• [What the task asks] Transcribe, verbatim, every line from the start of the entries through the line that contains "MINISTRO DO INTERIOR"; include both boundary lines and omit all others.
*** Opening Exercise input ***
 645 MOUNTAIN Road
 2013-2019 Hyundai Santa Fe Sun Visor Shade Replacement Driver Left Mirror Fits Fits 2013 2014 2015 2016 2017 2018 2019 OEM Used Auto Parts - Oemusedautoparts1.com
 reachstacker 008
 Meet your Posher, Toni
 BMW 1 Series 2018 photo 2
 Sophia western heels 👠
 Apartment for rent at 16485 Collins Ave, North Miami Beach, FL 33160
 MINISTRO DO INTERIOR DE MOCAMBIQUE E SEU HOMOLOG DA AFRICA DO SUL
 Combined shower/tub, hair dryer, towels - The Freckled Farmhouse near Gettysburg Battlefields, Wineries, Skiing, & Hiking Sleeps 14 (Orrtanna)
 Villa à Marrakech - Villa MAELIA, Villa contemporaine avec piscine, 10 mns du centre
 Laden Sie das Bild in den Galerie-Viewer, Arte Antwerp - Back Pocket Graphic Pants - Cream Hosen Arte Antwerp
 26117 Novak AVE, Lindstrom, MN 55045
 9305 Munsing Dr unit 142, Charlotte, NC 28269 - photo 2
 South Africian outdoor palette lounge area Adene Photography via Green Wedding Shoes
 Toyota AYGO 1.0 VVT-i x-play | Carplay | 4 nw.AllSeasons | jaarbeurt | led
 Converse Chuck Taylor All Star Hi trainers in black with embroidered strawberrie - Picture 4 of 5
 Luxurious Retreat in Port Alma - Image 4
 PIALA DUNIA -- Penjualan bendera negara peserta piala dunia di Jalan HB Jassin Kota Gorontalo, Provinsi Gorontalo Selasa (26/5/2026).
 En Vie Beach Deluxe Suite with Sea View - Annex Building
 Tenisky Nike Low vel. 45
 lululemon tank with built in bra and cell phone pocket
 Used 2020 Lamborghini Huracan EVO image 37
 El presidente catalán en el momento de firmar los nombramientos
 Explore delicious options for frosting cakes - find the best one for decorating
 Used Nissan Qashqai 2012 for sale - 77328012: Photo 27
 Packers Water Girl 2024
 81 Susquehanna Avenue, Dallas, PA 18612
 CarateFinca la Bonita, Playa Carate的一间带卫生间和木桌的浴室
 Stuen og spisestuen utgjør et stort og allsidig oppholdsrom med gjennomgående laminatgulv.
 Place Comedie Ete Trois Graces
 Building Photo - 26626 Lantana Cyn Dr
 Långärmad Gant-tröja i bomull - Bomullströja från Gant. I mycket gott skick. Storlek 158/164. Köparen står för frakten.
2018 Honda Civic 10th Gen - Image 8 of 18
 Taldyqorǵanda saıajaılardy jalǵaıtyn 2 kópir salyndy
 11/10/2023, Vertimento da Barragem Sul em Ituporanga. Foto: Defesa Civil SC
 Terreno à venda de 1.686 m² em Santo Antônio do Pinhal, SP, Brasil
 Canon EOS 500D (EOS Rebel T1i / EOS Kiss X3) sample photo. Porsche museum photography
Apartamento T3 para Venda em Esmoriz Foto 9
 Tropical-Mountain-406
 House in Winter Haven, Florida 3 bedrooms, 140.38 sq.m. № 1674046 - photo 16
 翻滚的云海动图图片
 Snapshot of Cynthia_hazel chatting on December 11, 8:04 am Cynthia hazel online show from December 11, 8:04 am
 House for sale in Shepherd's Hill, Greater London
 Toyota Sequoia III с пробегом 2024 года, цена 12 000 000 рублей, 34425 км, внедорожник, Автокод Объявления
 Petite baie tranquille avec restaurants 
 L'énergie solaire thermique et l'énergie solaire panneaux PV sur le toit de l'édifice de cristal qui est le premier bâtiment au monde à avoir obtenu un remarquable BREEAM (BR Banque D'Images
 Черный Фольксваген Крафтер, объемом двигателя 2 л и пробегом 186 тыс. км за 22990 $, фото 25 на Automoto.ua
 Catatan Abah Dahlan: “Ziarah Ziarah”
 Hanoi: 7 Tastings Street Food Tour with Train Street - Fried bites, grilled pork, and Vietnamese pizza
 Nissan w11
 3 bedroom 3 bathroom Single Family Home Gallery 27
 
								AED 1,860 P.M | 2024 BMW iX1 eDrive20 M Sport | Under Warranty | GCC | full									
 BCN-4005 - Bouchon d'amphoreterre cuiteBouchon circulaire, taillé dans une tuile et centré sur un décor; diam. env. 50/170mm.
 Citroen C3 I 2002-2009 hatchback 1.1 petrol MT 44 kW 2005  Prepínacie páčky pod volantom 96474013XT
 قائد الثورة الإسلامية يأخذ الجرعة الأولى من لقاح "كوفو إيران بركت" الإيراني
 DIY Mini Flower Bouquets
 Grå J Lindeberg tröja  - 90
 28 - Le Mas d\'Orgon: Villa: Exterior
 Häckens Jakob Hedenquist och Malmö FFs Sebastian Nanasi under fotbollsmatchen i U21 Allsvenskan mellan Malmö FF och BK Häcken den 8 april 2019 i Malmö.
*** Closing Exercise input ***
• [Solved exercise]
 645 MOUNTAIN Road
 2013-2019 Hyundai Santa Fe Sun Visor Shade Replacement Driver Left Mirror Fits Fits 2013 2014 2015 2016 2017 2018 2019 OEM Used Auto Parts - Oemusedautoparts1.com
 reachstacker 008
 Meet your Posher, Toni
 BMW 1 Series 2018 photo 2
 Sophia western heels 👠
 Apartment for rent at 16485 Collins Ave, North Miami Beach, FL 33160
 MINISTRO DO INTERIOR DE MOCAMBIQUE E SEU HOMOLOG DA AFRICA DO SUL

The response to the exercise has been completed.